I have had a lot of deer/antler damage on my young trees. I put chicken wire around them and it seemed to stop it. Now the trees are a little bigger, I took the wire off, with no new damage. BUT! This year and last we have had yellow-bellied sapsuckers poking holes in rings around the trunks and effectively ring-barking the trees, which can kill them (the trees, not the birds, unfortunately). I hung bedsheets torn into strips over the areas they are most prone to peck, sort of helped. Tried onion bag type mesh, they pecked right through it. I am at my wits end with nature! Any way, I have used the type of protection you are now, be sure to get that off in the spring, a lot of nasty things can go on under that stuff, replace it again in the fall, early September. If anyone has a suggestion for what to do with those wretched sapsuckers, short of killing them, please let me know.

wendywoo said...

What, exactly, does a sheep breaking into bosoms look like???

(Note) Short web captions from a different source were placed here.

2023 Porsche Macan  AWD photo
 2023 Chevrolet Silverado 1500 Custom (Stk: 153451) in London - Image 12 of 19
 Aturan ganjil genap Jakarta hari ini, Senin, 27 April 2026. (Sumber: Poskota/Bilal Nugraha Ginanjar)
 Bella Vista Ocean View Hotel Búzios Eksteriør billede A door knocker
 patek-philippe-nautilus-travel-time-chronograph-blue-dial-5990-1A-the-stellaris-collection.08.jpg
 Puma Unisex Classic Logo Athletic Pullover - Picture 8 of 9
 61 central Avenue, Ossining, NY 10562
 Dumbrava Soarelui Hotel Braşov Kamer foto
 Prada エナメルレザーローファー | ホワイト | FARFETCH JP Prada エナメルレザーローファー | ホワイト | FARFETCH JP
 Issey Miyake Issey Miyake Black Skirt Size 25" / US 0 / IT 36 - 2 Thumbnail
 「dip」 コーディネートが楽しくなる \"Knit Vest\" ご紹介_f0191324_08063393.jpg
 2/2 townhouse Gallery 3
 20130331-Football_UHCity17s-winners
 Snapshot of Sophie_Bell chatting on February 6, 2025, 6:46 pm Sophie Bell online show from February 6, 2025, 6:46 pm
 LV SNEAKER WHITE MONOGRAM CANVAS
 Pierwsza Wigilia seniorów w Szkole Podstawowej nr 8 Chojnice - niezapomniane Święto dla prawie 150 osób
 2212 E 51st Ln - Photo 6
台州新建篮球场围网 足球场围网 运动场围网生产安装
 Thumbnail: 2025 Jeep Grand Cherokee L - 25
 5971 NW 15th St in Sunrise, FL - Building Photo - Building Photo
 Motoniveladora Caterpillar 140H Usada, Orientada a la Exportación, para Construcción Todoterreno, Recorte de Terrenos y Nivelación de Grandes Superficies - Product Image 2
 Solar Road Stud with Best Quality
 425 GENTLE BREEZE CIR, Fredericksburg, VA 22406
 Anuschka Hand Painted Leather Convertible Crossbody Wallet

Frank from Virginia said...

1st, and Wendywoo,
The answer to both problems is the same. Go out and get you a shotgun. Deer meat is very tasty and low in fat. The birds are a little small for the pot but the shotgun would solve the bark problem. If you do not want to kill the deer get a good pump pelit gun and pop him in the butt a couple of times and he will get the idea.

Sandy said...

1st Man,

What a great idea, I wouldn't have thought about using pipe insulation.

FionaG said...

We have the same problem here but mostly with wombats and kangaroos, occasionally deer. In areas where we put, or want to put, our goats and alpacas we build permanent protectors using star pickets and chicken wire. This allows the tree to grow big without the trunk being eaten. Wendywoo, I sympathise with your bird problem. We found some success by hanging a large rubber snake. You might need to move it to different positions every now and then. Love the wildlife but they do present constant challenges! Good luck.

wendywoo said...

Oh, believe me, I am at that point, but those miserable little birds are PROTECTED! My trees can go die, but you cannot harm the little buggers!

1st Man said...

"Hello, 911? I would like to report loose sheep in my bosoms". "sir, is this a prank call?"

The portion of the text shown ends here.